◆ What you have to do:
Please copy out the entries exactly, skipping any pictures.

◆ Provided records:
###
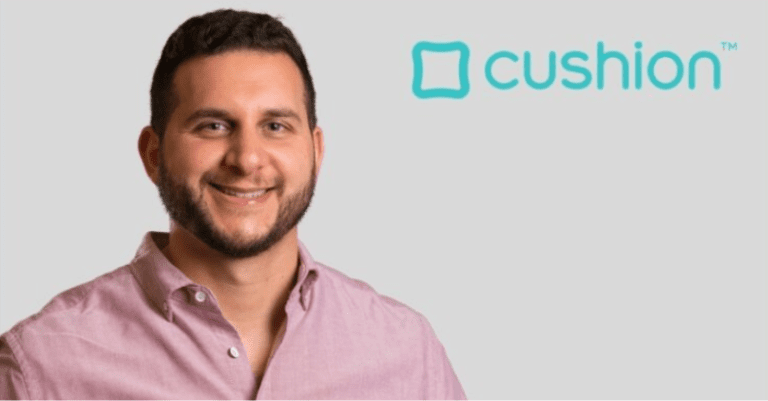 Paul Kesserwani Ceo Of Cushion .png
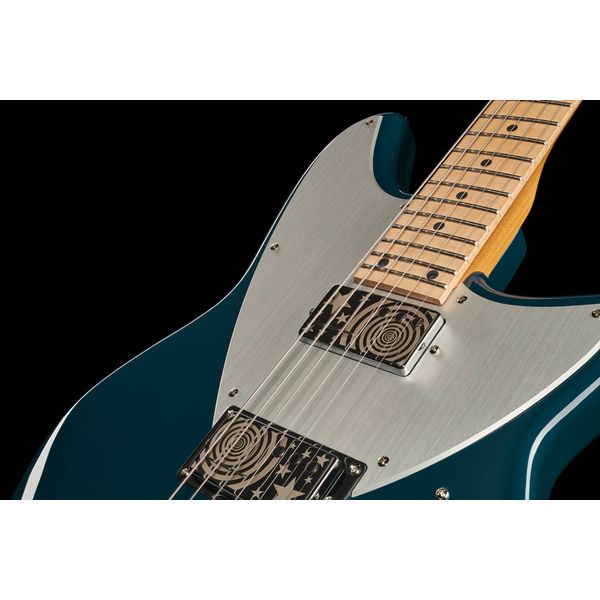 Reverend Billy Corgan Drop Z HTB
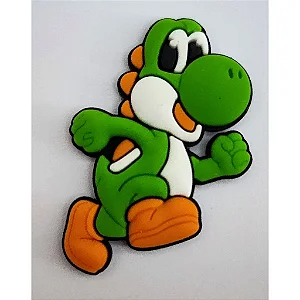 Aplique Emborrachado Yoshi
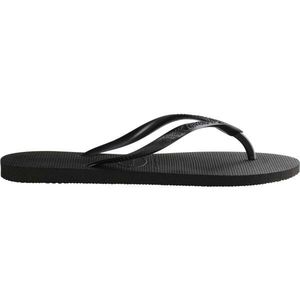 Havaianas Slim Žabky Černá obraz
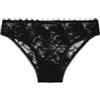 EMPORIO ARMANI Slip da Donna, Nero, L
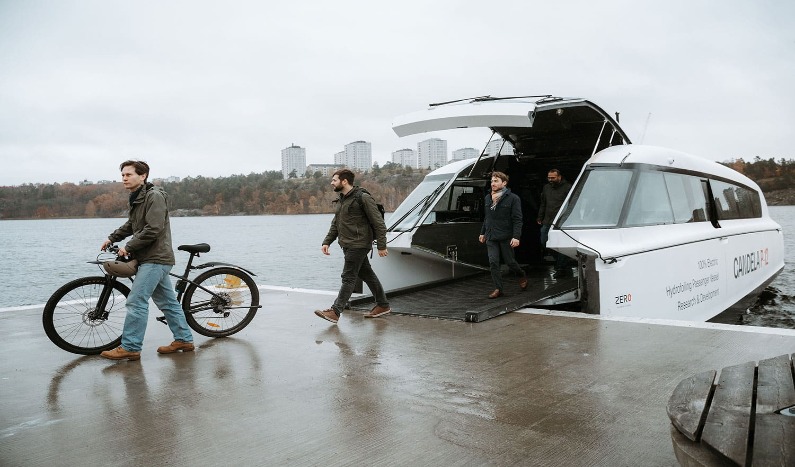 EnergyAvatar's tweet photo. El primer #ferry de pasajeros con hidroplano #eléctrico del mundo entra en producción.

https://t.co/QuTYbUFABA https://t.co/12kJUiRtL9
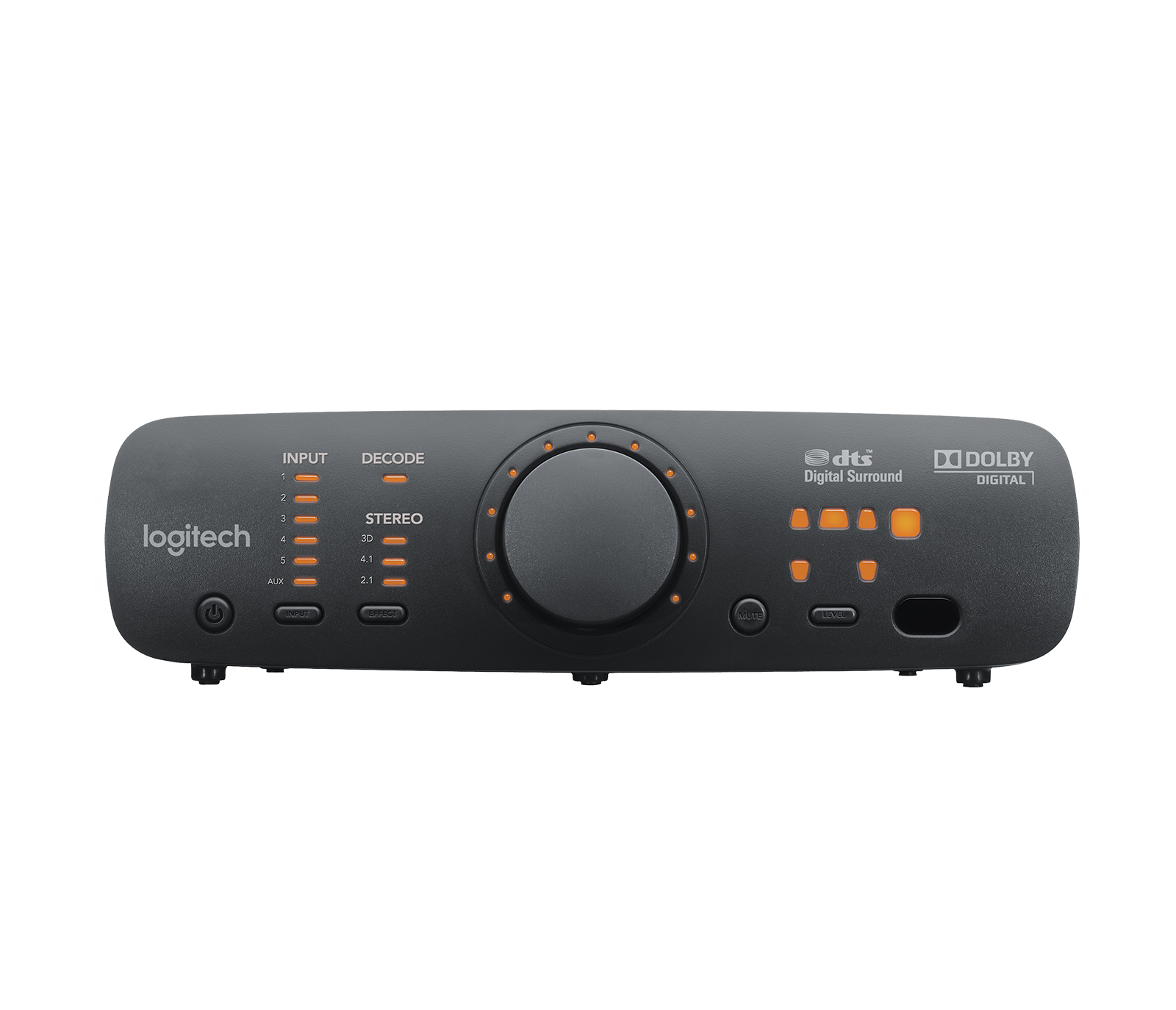 Z906 5.1 Surround Sound Speaker System - Black - View 3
###
◆ Reply to the task:
 Paul Kesserwani Ceo Of Cushion .png
 Reverend Billy Corgan Drop Z HTB
 Aplique Emborrachado Yoshi
 Havaianas Slim Žabky Černá obraz
 EMPORIO ARMANI Slip da Donna, Nero, L
 EnergyAvatar's tweet photo. El primer #ferry de pasajeros con hidroplano #eléctrico del mundo entra en producción.

https://t.co/QuTYbUFABA https://t.co/12kJUiRtL9
 Z906 5.1 Surround Sound Speaker System - Black - View 3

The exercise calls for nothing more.